Description, in itself, is not a “position”. It can be bent to widely different projects and rhetorical forms. One popular mode of description, for instance, concentrates on the “through lines” of a sequence, the articulations and transitions from one gesture or shot or movement to the next; it tries to tease out the tension, dynamism, or what Jean-Luc Godard called the “current” animating a filmic passage.  Another, more recent mode, subtracts the shot as a unit from the flow of a narrative or an articulated sequence, and mines it for peripheral, superfluous or incidental detail – an approach variously equated with surrealist irrationalism, postmodern “distraction”, and Farber’s ethos of “termite art”.  There is nothing inherent in descriptive critical writing that necessitates the adoption of a long-form scan.
By a weird coincidence, two recent books on Godard pick many of the same films to analyse  , and both use the rhetorical form of scanning. I admit to instant surprise and trepidation upon noticing this latter choice, because, of all directors, I would have imagined that scanning works least well on a collagist like Godard. (This is another inescapable fact about scanning, or indeed any specific rhetorical mode: it fits some works better than others.) But the decision to scan a few Godard classics that have already attracted reams of critical commentary obviously functions as a “throw of the dice”, an attempt to spark some new insights and generate a new way of claiming, perhaps honouring, these works.
So what do the old critical modes lack, what did they miss in Godard? There have been many descriptive, evocative, “termitic” and overtly literary attempts at Godard commentary;  but they have all seemed piecemeal, too fragmentary, not really managing to bridge the abyss between impressionism and solid, systematisable knowledge for more than a moment.

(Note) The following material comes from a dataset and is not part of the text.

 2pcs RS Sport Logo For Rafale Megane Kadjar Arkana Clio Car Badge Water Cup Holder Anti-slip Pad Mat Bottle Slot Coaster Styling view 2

On the other side of that abyss, there are the rigorous, textual analyses – more successful in pinning down the materialist strategies of Godard’s essentially “Brechtian” and dogmatic works than the elusive mysteries of the other two thirds of his output.  Somewhere between pure, poetic effusion and the imposition of “codes”, various sorts of thematic analysis have struggled, valiantly or irritatedly, to make convincing sense of Godard’s work – and many such attempts conclude by giving up the ghost with a shrug.  Godard’s movies have always posed enormous challenges to those who seek economy, logic, depth and richness in a film, since they fragment so readily under inspection according to traditional aesthetic criteria. (Try teaching a Godard movie: once you get past the usual generalities and contextual remarks, you will discover the films make for a frustratingly difficult “read”.)

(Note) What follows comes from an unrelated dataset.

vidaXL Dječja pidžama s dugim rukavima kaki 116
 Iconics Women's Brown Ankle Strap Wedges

However, it has never seemed enough, at another extreme, to simply champion Godard’s work as modernist anti-cinema, wilfully incoherent and subversive of this or that convention.  Jacques Aumont was right to specify that Godard’s work until 1968 demonstrates a rigorous “displacement” of cinematic conventions (including those of ‘classicism’), “not a break, a rejection, or a departure”.  Perhaps an even more pressing reason why Godard’s work refuses to be sewed and sold as mere anti-cinema is that, after all, so many of us have, as film fans, lived these movies, taken the gestalt of their mood, sensibility and suggestiveness right into our beings.  There has to be some kind of richness there, surely – and it should, by all rights, be amenable to an analysis. 
Unfortunately, I cannot find such breakthrough analysis in either Speaking about Godard or The Films of Jean-Luc Godard. For me, these books serve as monuments to the current limitations and self-delusions of the temptation to scan – and they show, in the process, that scanning may not be the magic key to unlock Godard.
For analyses that presume, by virtue of their rhetorical mode, to capture everything that effervesces in these films, these books manage to illuminate or even annotate surprisingly little. Scanning here becomes a kind of fly-by parsing of plots, characters, certain strings of imagery, certain basic formal tactics, certain ideological and/or spiritual concerns arising from the perennial and ever-shifting “dare” of Godard’s cinema.
What gets left out? The answer has both syntagmatic and paradigmatic dimensions. Syntagmatically, in the moment-to-moment “fine grain” detail, we encounter an utterly predictable list of absences: the bewilderingly complex, multi-layered detail of the soundtrack; the specific (and often very odd) performance modes of gesture, posture, movement, speech; the precise rhythmic fluxes of the montage; Godard’s often unusual staging decisions (including what Alain Bergala explicated as the tendency to shoot the “other side of the bouquet”)  ; his eye for “total design”, whether in a set or on location, merging line, colour, tone and volume with a neo-painterly mastery (“Matisee by the ton”) to rival Antonioni or Tarkovsky. In short, and as ever, the intense materiality of Godard’s cinema, the action of form and style that thrills us so much as viewers and made his work so indelibly “cool” (these days, retro-cool) for multiple generations, forms the inspiration and the basis for so many subsequent individual styles (Skolimowski, Fassbinder, Wong Kar-Wai, Hal Hartley…).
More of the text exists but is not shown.